Die Räume dürfen nicht verlassen werden, nicht einmal zur Körperhygiene. Daher wurden die chemischen Toiletten installiert. Sie sind mit zahlreichen Kameras zur kompletten Überwachung ausgestattet.

Das Pokerspiel um die Lizenzen kann bis Donnerstag andauern. Erst nach Mitternacht in der Nacht von Dienstag auf Mittwoch wurde bekannt, dass die erste Lizenz vergeben ist. Wer der Gewinner ist, wird erst bekannt gegeben, wenn alle Lizenzen vergeben wurden. Mit all diesen Maßnahmen soll die Transparenz des gesamten Verfahrens garantiert werden.

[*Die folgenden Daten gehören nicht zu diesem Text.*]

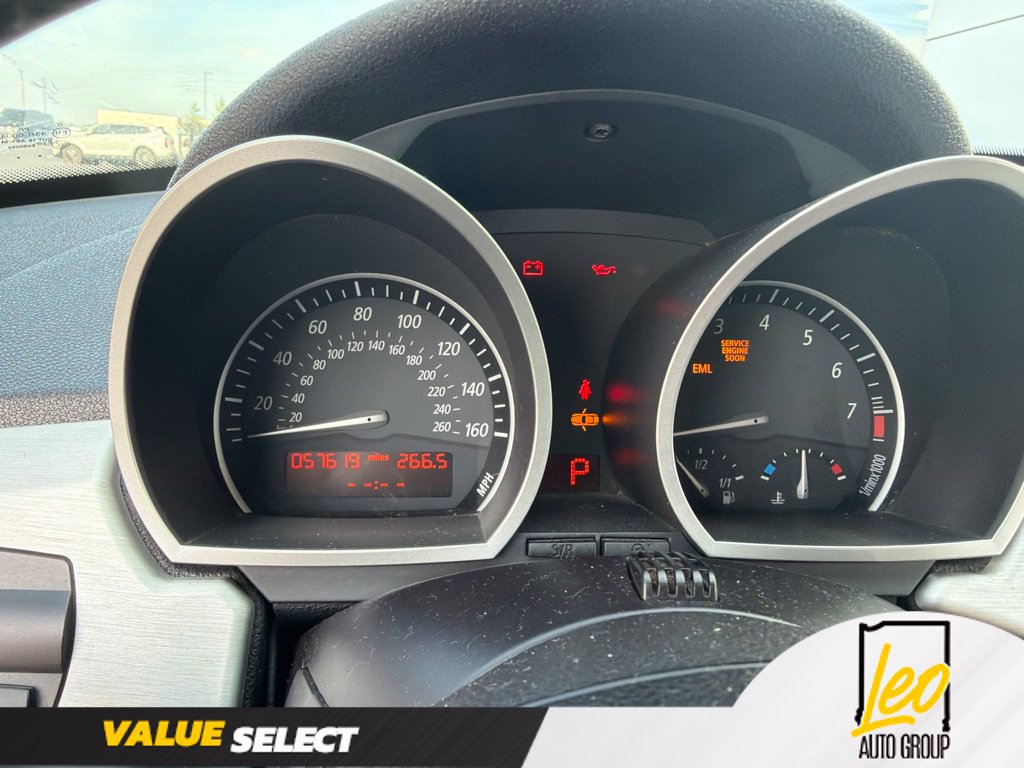 Used 2007 BMW Z4 3.0si RWD image 18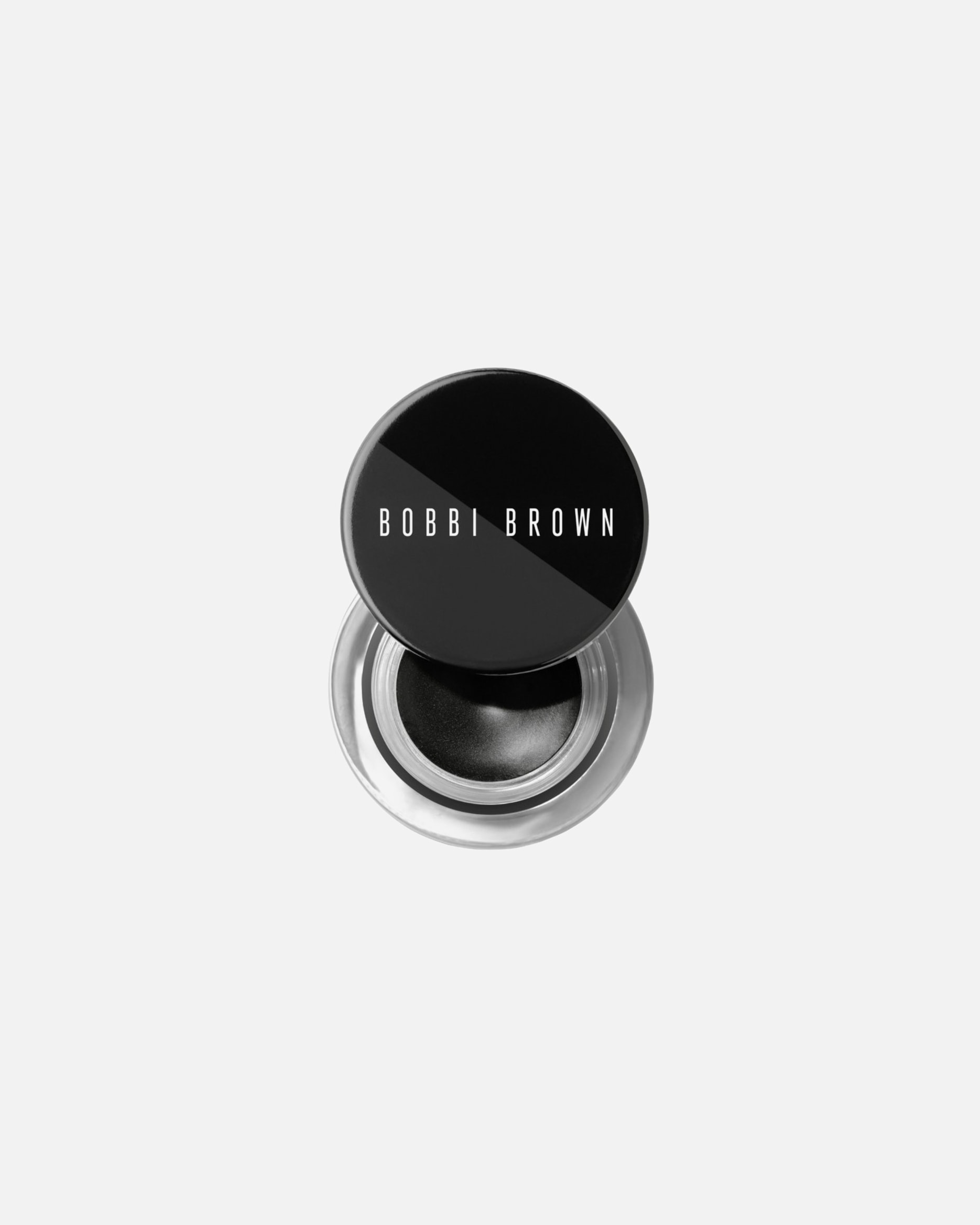 Szemceruza - Bobbi Brown 0 Long-Wear Gel Eyeliner BLACK INK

Die Gebote beginnen bei drei Millionen Euro. In Schritten von 500.000 Euro werden die Gebote erhöht, bis am Ende der jeweiligen Bieterrunde nur zwei Bieter übrig sind. Diese müssen dann in einem verschlossenen Umschlag ein weiteres Gebot abgeben. Der Gewinner hat dann die Lizenz und der Verlierer kann bei der nächsten Bieterrunde erst ab dem schriftlich gegebenen Maximalgebot wieder in die Auktion für die nächste Lizenz einsteigen. Die für zehn Jahre gültigen Lizenzen sollen den in Griechenland seit 1989 bestehenden Schwebezustand beenden.

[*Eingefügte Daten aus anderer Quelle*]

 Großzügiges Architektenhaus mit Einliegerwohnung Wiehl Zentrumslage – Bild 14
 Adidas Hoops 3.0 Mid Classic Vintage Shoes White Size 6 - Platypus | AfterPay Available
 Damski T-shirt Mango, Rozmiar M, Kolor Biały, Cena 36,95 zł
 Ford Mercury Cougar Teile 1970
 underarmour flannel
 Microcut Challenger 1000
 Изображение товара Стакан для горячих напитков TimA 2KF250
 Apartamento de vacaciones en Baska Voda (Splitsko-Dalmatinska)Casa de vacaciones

Seit 27 Jahren vorläufige Lizenzen

Im Sommer 1989 hatte der damalige Premierminister Tzannis Tzanetakis dem Privatsender Mega TV die erste, vorläufige Sendeerlaubnis für einen Privatsender erteilt. Später kamen weitere derartige Lizenzen hinzu. Es gab nie eine endgültige Lizenzierung, so dass alle Sender faktisch nur mit immer wieder verlängerten vorläufigen Lizenzen in Betrieb waren, beziehungsweise sind. Die Umstellung vom analogen auf den digitalen Sendebetrieb erfolgte mit einer Ausschreibung für eine Sendeplattform, bei der es nur einen Bieter, die DIGEA gab. Das griechische Privatfernsehen befindet sich in fester Hand von Bauunternehmern und sonstigen Lieferanten des Staats, die ihre Medienmacht für die Erlangung und Erhaltung der öffentlichen Aufträge einzusetzen wussten.

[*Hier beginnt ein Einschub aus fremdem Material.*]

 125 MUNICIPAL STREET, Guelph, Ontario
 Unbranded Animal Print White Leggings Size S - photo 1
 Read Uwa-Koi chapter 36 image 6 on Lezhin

Die Sender schreiben tief rote Zahlen, Sie schulden alle zusammen zwischen 1,2 und 2 Milliarden Euro an die griechischen Banken. Mega TV, der erste Privatsender, ist beim aktuellen Bieterverfahren wegen wirtschaftlicher Probleme bereits ausgeschlossen worden. Knapp 600 Millionen Euro belasten den einst größten griechischen Privatsender. Die Regierung von Alexis Tsipras gibt vor, mit der Verquickung von Privatunternehmern, Medien und Staat – kurz Diaploki genannt – aufräumen zu wollen. Bei momentan sendenden acht landesweiten Privatfernsehsendern ist klar, dass mindestens vier der bestehenden keine Lizenz erhalten werden.

Pikantes Detail ist, dass der verstorbene Tzannetakis von der Nea Dimokratia seine kurzlebige Koalitionsregierung nur in Koalition mit dem Synaspismos tis Aristeras kai tis Proodou, der Vorläuferpartei von Tsipras SYRIZA halten konnte. Somit begann der nun zu korrigierende Zustand mit direkter Beteiligung der damaligen Linkspartei Griechenlands.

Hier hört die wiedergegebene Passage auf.